__DATASET CONTENT__
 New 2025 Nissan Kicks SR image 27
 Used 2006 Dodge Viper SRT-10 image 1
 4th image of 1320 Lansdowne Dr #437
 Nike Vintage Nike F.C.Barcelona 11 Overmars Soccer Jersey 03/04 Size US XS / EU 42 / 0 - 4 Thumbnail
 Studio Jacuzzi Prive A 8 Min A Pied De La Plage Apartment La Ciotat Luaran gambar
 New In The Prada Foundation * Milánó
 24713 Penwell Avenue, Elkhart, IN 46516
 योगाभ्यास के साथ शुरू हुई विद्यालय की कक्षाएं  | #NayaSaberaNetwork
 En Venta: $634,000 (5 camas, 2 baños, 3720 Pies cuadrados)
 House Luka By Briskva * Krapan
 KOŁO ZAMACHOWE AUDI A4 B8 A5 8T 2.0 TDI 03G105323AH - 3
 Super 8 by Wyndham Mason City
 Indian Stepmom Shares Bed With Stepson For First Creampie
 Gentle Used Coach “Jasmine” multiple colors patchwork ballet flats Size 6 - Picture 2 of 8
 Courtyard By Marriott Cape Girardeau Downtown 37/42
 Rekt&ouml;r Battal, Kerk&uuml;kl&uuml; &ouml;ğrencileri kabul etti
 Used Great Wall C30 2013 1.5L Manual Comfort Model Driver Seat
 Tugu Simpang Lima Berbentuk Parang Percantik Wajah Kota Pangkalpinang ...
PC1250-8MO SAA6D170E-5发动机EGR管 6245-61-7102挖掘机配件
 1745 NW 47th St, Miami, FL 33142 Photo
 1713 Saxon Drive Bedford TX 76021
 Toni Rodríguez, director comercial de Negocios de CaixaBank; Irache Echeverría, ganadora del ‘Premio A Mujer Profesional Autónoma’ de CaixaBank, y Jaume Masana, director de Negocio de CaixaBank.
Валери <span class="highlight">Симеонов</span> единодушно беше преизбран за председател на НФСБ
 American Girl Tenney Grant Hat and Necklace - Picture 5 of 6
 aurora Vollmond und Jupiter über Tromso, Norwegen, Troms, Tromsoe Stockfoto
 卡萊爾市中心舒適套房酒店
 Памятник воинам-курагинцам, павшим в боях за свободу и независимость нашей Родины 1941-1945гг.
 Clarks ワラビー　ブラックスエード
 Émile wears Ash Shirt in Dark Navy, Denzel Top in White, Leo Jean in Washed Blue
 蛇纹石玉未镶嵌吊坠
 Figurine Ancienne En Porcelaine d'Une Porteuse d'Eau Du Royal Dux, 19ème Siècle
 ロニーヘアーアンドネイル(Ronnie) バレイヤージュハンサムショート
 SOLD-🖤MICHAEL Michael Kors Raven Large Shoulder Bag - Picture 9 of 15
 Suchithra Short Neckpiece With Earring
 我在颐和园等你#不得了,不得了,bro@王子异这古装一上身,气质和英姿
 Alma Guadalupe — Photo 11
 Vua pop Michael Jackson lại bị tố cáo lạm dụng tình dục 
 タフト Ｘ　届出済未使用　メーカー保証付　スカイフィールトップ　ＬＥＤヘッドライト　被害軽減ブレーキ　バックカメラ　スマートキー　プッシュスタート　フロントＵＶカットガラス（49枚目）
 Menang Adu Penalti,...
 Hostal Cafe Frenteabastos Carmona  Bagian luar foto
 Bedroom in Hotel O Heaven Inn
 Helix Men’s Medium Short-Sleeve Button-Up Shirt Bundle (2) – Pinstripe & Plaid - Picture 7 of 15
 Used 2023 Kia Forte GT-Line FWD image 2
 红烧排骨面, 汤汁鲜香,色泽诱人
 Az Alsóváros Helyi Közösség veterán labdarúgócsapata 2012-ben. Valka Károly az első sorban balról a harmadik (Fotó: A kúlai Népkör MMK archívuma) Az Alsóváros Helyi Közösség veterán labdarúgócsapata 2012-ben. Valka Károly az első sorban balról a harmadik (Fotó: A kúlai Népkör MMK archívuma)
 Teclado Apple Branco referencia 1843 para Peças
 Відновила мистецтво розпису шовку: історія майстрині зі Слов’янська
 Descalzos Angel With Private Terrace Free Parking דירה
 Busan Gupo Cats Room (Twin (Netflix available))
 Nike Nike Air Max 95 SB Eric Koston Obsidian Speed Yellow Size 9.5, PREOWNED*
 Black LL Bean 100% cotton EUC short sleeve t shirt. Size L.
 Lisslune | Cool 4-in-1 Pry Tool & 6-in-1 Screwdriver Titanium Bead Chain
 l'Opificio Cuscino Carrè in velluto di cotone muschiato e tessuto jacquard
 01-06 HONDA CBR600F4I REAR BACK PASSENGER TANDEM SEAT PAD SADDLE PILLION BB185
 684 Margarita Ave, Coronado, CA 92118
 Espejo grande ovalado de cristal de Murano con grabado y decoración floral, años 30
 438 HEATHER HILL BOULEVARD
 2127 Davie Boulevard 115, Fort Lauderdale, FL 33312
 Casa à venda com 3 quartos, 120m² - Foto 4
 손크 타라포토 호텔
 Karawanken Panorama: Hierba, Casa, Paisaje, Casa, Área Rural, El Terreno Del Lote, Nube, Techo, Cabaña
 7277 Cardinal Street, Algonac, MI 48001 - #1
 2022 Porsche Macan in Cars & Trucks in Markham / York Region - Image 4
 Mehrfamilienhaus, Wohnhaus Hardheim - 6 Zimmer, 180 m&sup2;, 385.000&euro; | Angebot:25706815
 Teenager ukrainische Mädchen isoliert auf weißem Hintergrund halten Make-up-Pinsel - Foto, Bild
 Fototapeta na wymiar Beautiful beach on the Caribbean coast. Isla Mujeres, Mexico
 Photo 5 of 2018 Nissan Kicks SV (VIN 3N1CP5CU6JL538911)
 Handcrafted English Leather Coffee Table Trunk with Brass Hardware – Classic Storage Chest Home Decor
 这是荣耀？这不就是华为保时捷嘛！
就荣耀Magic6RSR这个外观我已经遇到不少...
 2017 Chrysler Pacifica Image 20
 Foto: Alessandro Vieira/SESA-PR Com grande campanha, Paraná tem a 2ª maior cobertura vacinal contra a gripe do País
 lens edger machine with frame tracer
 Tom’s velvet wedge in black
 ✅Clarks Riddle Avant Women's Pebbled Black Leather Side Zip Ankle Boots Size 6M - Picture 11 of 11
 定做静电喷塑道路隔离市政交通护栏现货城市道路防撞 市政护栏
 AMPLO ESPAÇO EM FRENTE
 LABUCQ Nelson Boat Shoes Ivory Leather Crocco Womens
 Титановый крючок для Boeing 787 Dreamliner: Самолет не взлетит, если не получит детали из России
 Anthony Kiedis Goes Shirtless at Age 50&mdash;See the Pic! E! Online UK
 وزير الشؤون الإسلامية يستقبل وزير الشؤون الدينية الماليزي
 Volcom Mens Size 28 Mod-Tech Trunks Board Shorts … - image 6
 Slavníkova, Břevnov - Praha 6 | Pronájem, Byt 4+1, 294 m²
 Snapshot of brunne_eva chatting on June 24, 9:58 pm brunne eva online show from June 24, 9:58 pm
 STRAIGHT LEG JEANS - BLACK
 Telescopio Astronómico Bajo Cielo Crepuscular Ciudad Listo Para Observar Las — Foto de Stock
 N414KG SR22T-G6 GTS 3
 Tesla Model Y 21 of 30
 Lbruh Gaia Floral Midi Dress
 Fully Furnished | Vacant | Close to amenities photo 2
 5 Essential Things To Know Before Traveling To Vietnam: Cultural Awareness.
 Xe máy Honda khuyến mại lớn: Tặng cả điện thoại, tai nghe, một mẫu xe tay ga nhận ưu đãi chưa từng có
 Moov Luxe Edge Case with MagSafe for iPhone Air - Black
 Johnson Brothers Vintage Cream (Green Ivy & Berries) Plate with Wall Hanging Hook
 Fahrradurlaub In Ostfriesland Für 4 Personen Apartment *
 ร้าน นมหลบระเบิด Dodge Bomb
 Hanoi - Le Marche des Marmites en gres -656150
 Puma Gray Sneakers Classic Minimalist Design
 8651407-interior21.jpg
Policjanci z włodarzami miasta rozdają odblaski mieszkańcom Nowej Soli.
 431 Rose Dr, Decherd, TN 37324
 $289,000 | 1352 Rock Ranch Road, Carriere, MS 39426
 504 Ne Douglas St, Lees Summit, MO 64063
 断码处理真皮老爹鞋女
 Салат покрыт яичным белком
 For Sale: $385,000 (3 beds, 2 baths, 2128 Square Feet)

__ACTIVITY__
Please extract exactly, and only, the lines from the line containing "N414KG SR22T-G6 GTS 3" through the last line of the records.

__OUTPUT FOR THIS EXERCISE__
 N414KG SR22T-G6 GTS 3
 Tesla Model Y 21 of 30
 Lbruh Gaia Floral Midi Dress
 Fully Furnished | Vacant | Close to amenities photo 2
 5 Essential Things To Know Before Traveling To Vietnam: Cultural Awareness.
 Xe máy Honda khuyến mại lớn: Tặng cả điện thoại, tai nghe, một mẫu xe tay ga nhận ưu đãi chưa từng có
 Moov Luxe Edge Case with MagSafe for iPhone Air - Black
 Johnson Brothers Vintage Cream (Green Ivy & Berries) Plate with Wall Hanging Hook
 Fahrradurlaub In Ostfriesland Für 4 Personen Apartment *
 ร้าน นมหลบระเบิด Dodge Bomb
 Hanoi - Le Marche des Marmites en gres -656150
 Puma Gray Sneakers Classic Minimalist Design
 8651407-interior21.jpg
Policjanci z włodarzami miasta rozdają odblaski mieszkańcom Nowej Soli.
 431 Rose Dr, Decherd, TN 37324
 $289,000 | 1352 Rock Ranch Road, Carriere, MS 39426
 504 Ne Douglas St, Lees Summit, MO 64063
 断码处理真皮老爹鞋女
 Салат покрыт яичным белком
 For Sale: $385,000 (3 beds, 2 baths, 2128 Square Feet)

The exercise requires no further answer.